C’est que nous sommes en Normandie, dans une Normandie attentive à économiser. Par exemple, on ne perce pas ces ouvertures prétentieuses tout juste bonnes à gaspiller le chauffage en hiver et à faire entrer la canicule en été ; on ne creuse pas de ces fossés coûteux qu’il faut ensuite entretenir, souvent fleurir, parfois même noyer d’eau qui attaque les joints et les fondations… Pour être juste il faut préciser cependant que l’image montre l’arrière du bâtiment, et que sa façade est beaucoup plus riante.

Le charme exceptionnel du manoir tient pour l’essentiel aux matériaux et à l’usage qui en est fait. L’architecte a étagé, en couches successives, le tuffeau, la brique et, touche délicate et assez fréquente en Normandie, le silex blond et noir ; il a tracé, en jouant sur la couleur, tout un appareil de motifs et de fresques. Il a ainsi donné au manoir une gaieté un peu étrange qui surprend quand on le découvre dans une clairière de ses bois noirs.

Erechthéion.

Athènes, mai 1994

Si la Grèce est une des racines de notre culture, l’Acropole est la mémoire de la Grèce ; et sur l’Acropole un des temples les plus admirés, c’est l’Érechtheion.

On reconnaît son élégance, on apprécie sa mesure face au Parthénon, qu’il accompagne sans que l’un porte ombrage à l’autre. Mais c’est par le portique des korés qu’il a surtout frappé les esprits.
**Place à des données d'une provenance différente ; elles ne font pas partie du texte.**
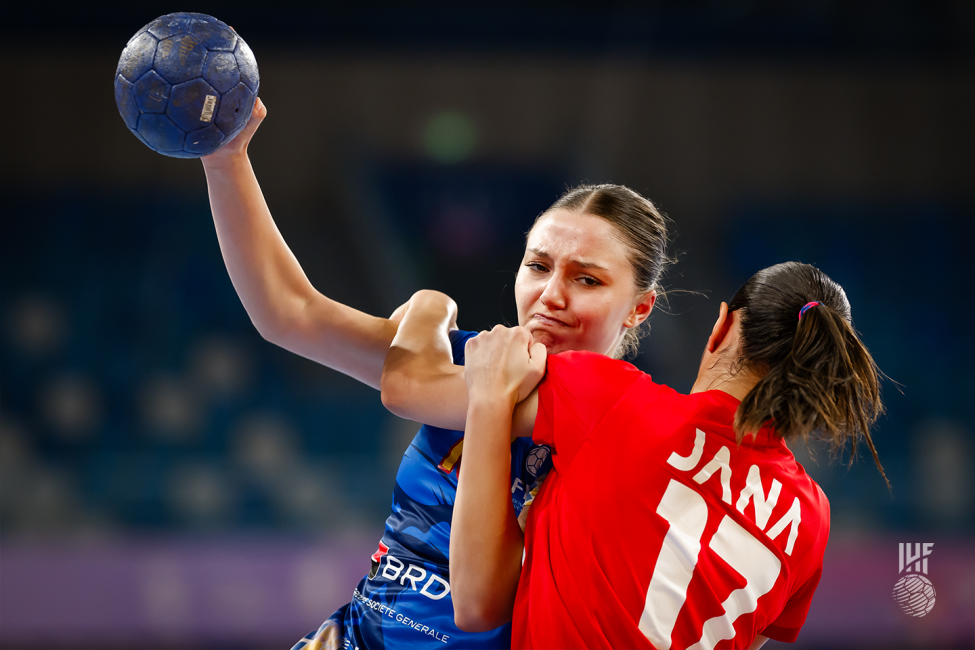 Romania player attacking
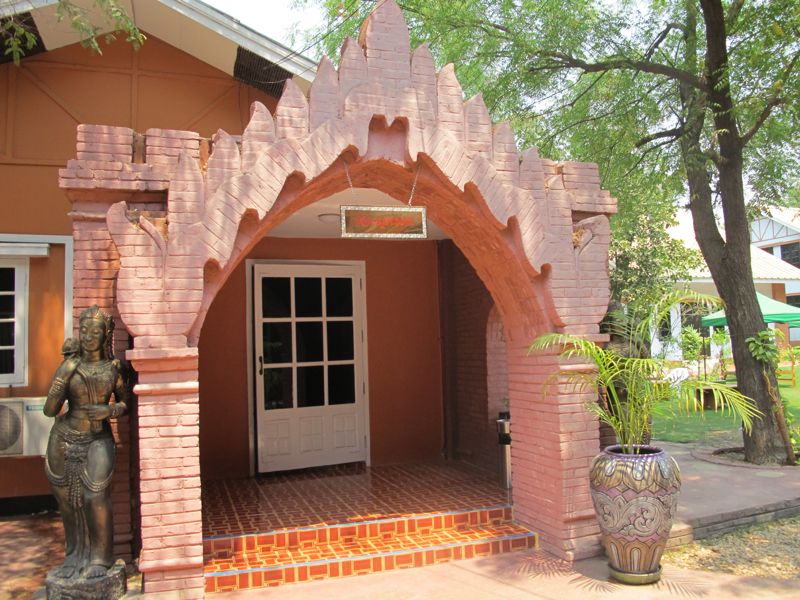 hotel floral breeze bagan -29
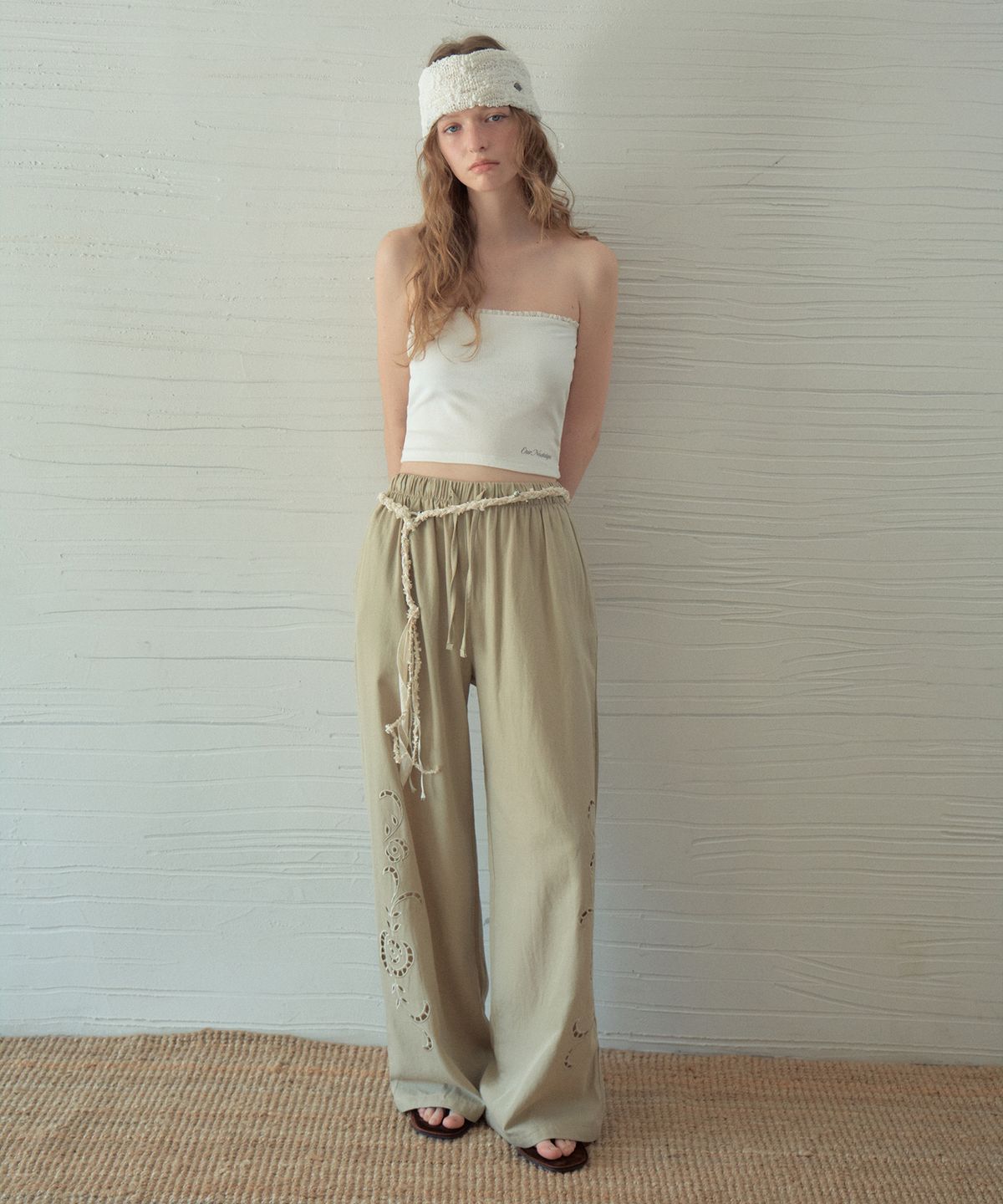 아우어노스텔지아(OURNOSTALGIA) Lace tube top_White(O25-TP08)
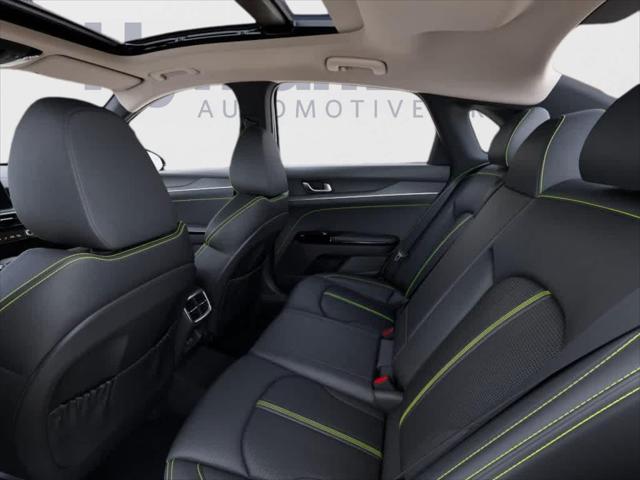 2025 Kia K5 GT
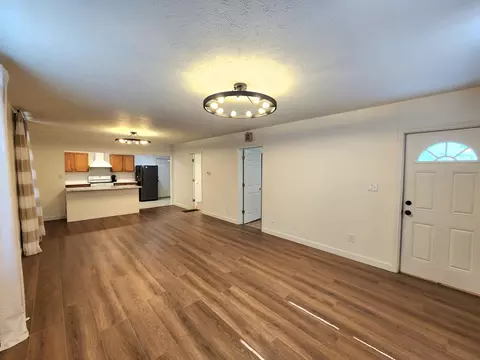 Living - 1211 W Calhoun St, Springfield, MO 65802 photo 1 of 11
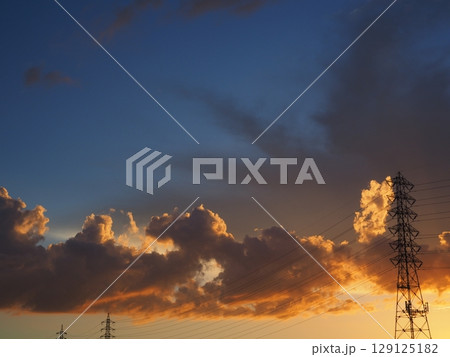 幻想的な夕景 129125182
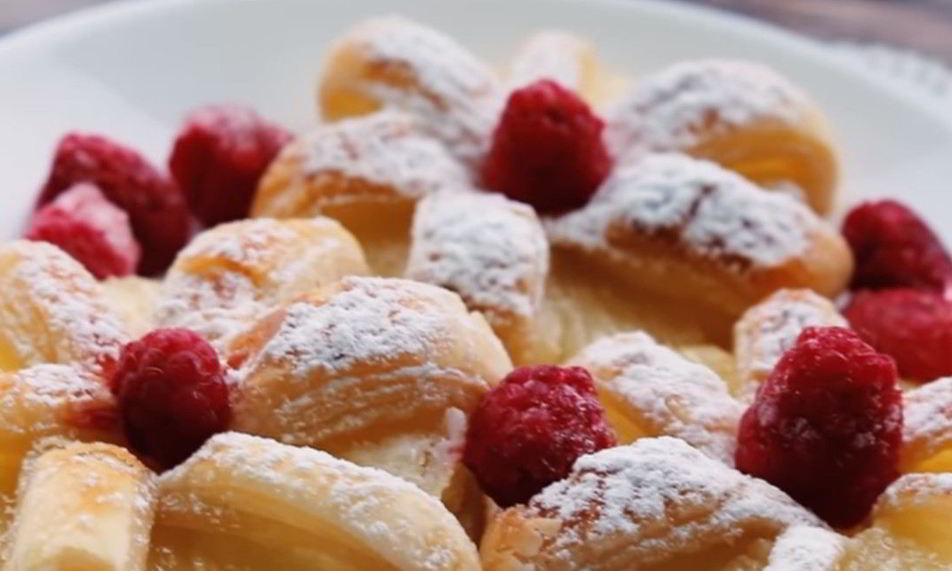 Рецепт простые слойки с ананасами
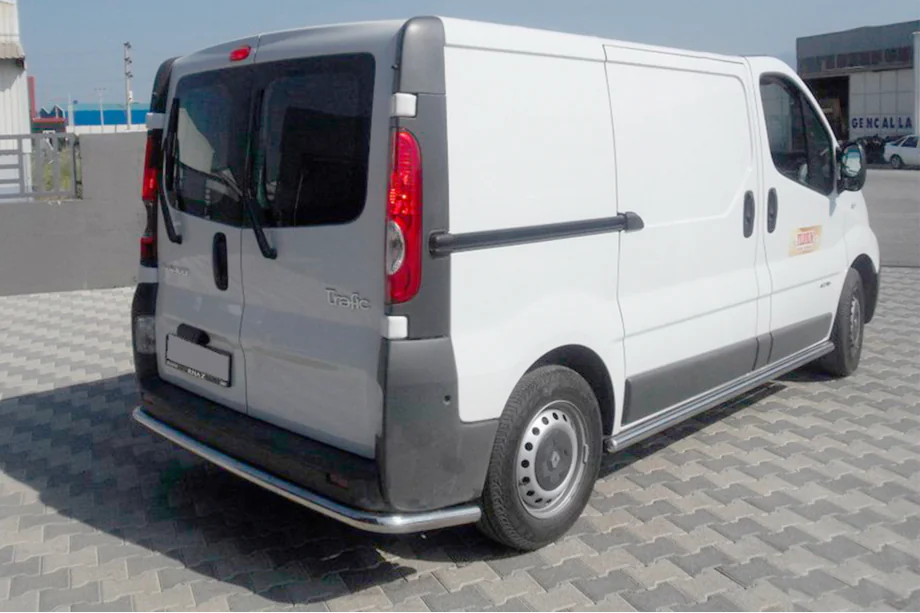 Renault Trafic 2001–2015 Bakre stötfångarskydd med hörn (rostfritt) Image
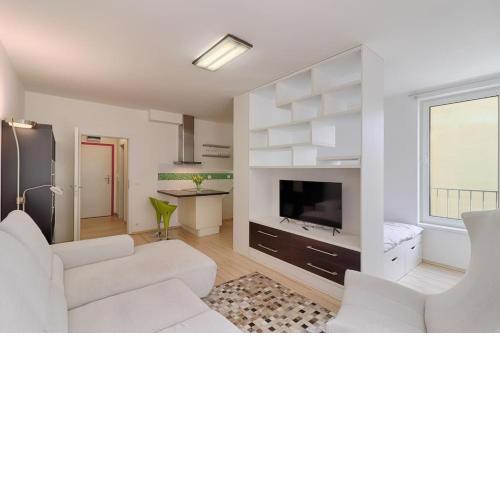 Peace and Comfort Near Center with Balcony, 500MB WIFI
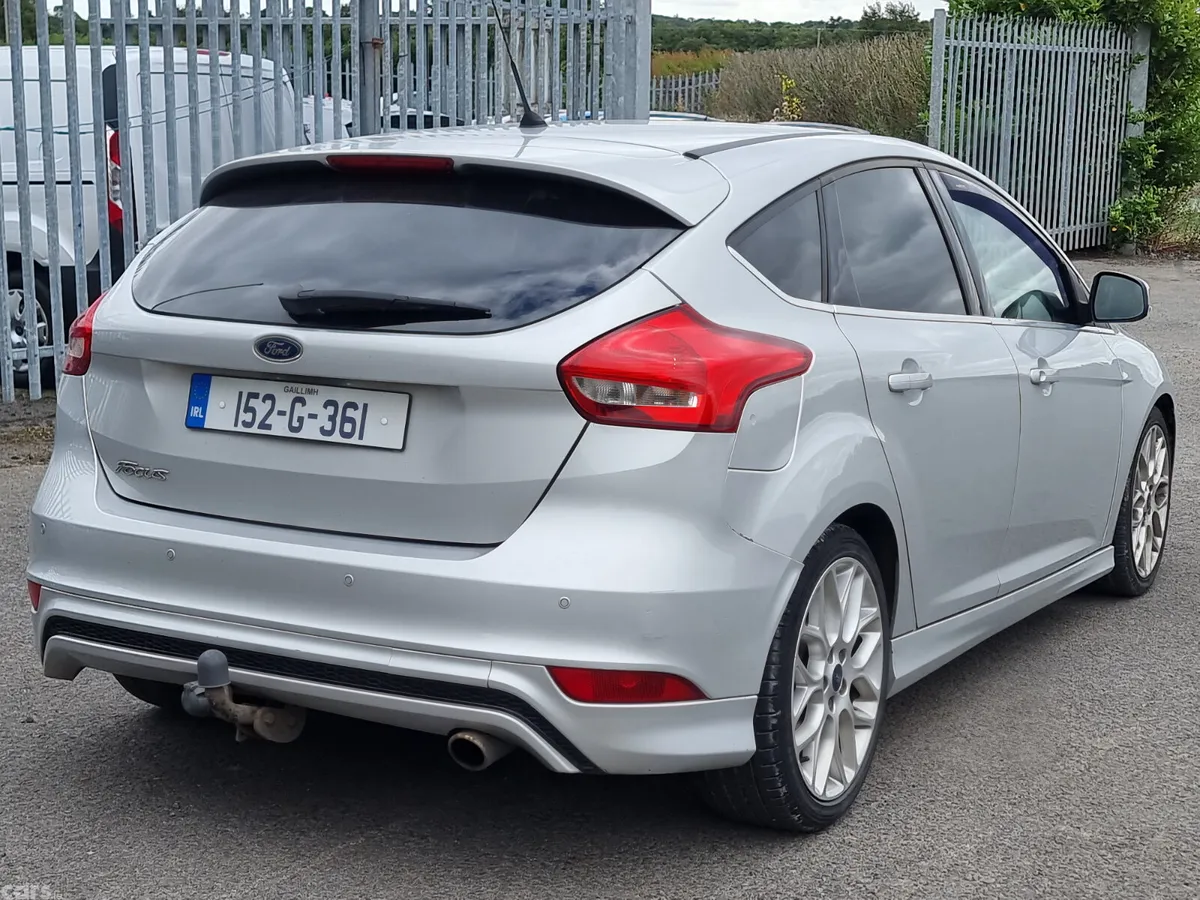 Ford Focus Hatchback, Diesel, 2015, Silver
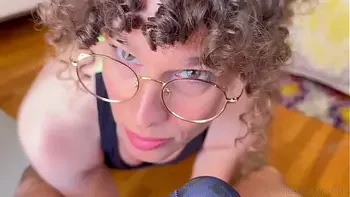 Stepmom Tells Me a Secret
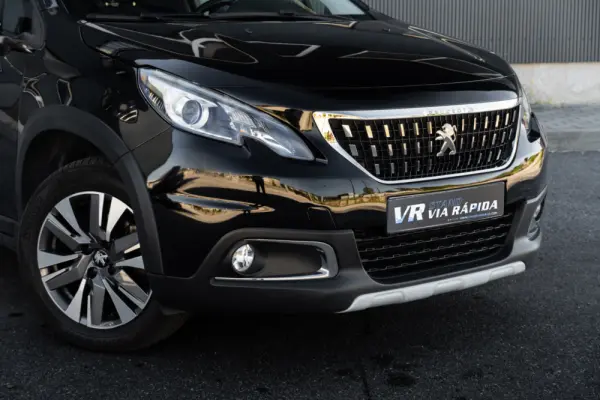 Peugeot 2008 1.2 PureTech Allure 23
Ce portique est supporté par six jeunes femmes, elles aussi élégantes et sereines – les Caryatides. Le sculpteur – ou l’architecte, ou les deux – a travaillé ces six statues avec une finesse caractéristique de l’art grec. Les commentateurs les plus savants ont exposé ce qu’il convient d’observer dans les drapés, les attitudes – déhanchement, fléchissement symétrique des genoux – ; et l’habileté technique de leurs tresses, qui leur permettent de porter une lourde charge sans que l’artiste ait dû leur épaissir le cou.

Mais pour nous, visiteurs d’un instant qui nous contentons d’admirer sans trop savoir, ce portique est simplement émouvant. A côté de l’immense Parthénon proche des Dieux, nous sommes devant ces six jeunes femmes comme devant des amies terrestres, attentives et dévouées, qui nous donnent en silence une leçon domestique. Elles nous disent que le travail est un accomplissement et qu’il peut rendre beau ; elles annoncent Marthe.